My answer here is $4C2 = \binom42 = \tfrac{4!}{2!2!}$
(b) If instead six people show up on time, how many ways are there to pair them up?
My answer here is $6C2 = \binom62 = \tfrac{6!}{4!2!}$
(c) Assume all m people in the class arrive on time. (There are an even number of people in the class.) How many ways are there to pair them up?
My answer here is $mC2 = \binom m2= \tfrac{m!}{(m-2)!2!}$
(d) Consider this time assuming that we specify which member of each couple leads first. How many ways are there to pair-and- specify the dancers
My answer here is $mP2 = \tfrac{m!}{(m-2)!}$
## UPDATE:
Part (a) the answer is $\tfrac{1}{2}(4C2 * 2C2) = 3$
Part (b) the answer is $\tfrac{1}{2}(6C2 * 4C2 * 2C2) = 45$
• Yup, they are all correct. Just a typo in the second answer, you meant 6C2, I think. – learner Dec 8 '15 at 4:15
• Yes, I corrected it, Thanks! – Coheen Dec 8 '15 at 4:16
• No, they are not correct. See theophile's answer below. – fleablood Dec 8 '15 at 4:28
• @lucidgold What is the conflict with the answers? As far as I can see, all three are saying the same thing. – Théophile Dec 8 '15 at 18:17
For part (b), the number of ways to pick a first pair, then a second pair, then a third pair, is $\binom 62 \binom 42 \binom 22$, or in your notation $6C2 \times 4C2 \times 2C2$. But that not only pairs up all the dancers but distinguishes $\{AB, CD, EF\}$ from $\{AB, EF, CD\}$, $\{CD, AB, EF\}$, and several other permutations of the pairs. In fact you have counted the same three pairs $3!$ times, which is the number of permutations of three things. So the correct answer is not to divide by $2$ but rather to divide by $3! = 6$:
$$\frac{\binom 62 \binom 42 \binom 22}{6}.$$
Part (d) seems easier to me than part (c). First you choose who will be leaders in the first part of the lesson. There are $\binom{m}{m/2}$ ways to do this. Then you line up these $m/2$ leaders in a line and assign each of the remaining $m/2$ dancers to one of the leaders. That is, each ordering of the remaining $m/2$ dancers produces a unique pairing of followers with leaders. There are $(m/2)!$ such orderings, so the total number of possible pairings is ...

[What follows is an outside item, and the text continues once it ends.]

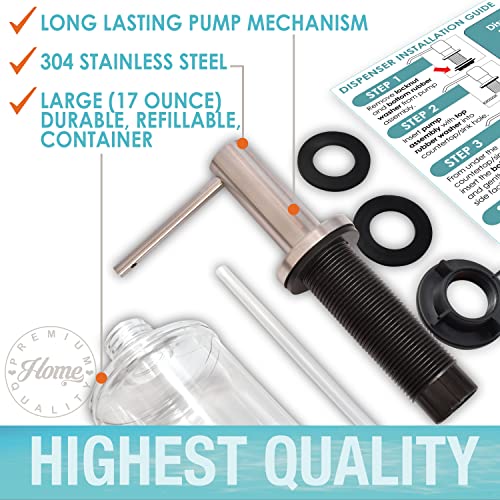 Kitchen Sink Soap Dispenser Pump - Solid Stainless Steel - 17 Ounce Soap Bottle - Dish Soap Dispenser for Kitchen Sink - (Commercial Grade 304 Stainless Steel Pump, Nickel Finish, Rustproof)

Once you have part (d), I would go back to part (c). Clearly there are more pairings counted in part (d) than in part (c). How many more?
For each way you can pair up dancers in part (c), within each pair there are two ways to choose who will lead during the first part of the lesson. Since there are $m/2$ pairs, there are therefore $2^{m/2}$ ways to choose which $m/2$ dancers will lead at first. But the choice of pairs for part (c), followed by choosing leaders for the first three minutes, can give us every choice of ordered pairs that exists in part (d). Therefore the number of choices in part (c) must be ...
No, these are not quite correct—at least not the way I understand the question. When there are four people, for example, there are only three ways to pair them up: $\{AB,CD\}, \{AC,BD\}$, and $\{AD,BC\}$. The reason this is different from your answer is that you have counted how many ways there are to choose two people from a set of four. This is ${4 \choose 2} = 6$, namely, $AB, AC, AD, BC, BD, CD$. But the number of ways to form one pair isn't the same as the number of ways to split the group into pairs.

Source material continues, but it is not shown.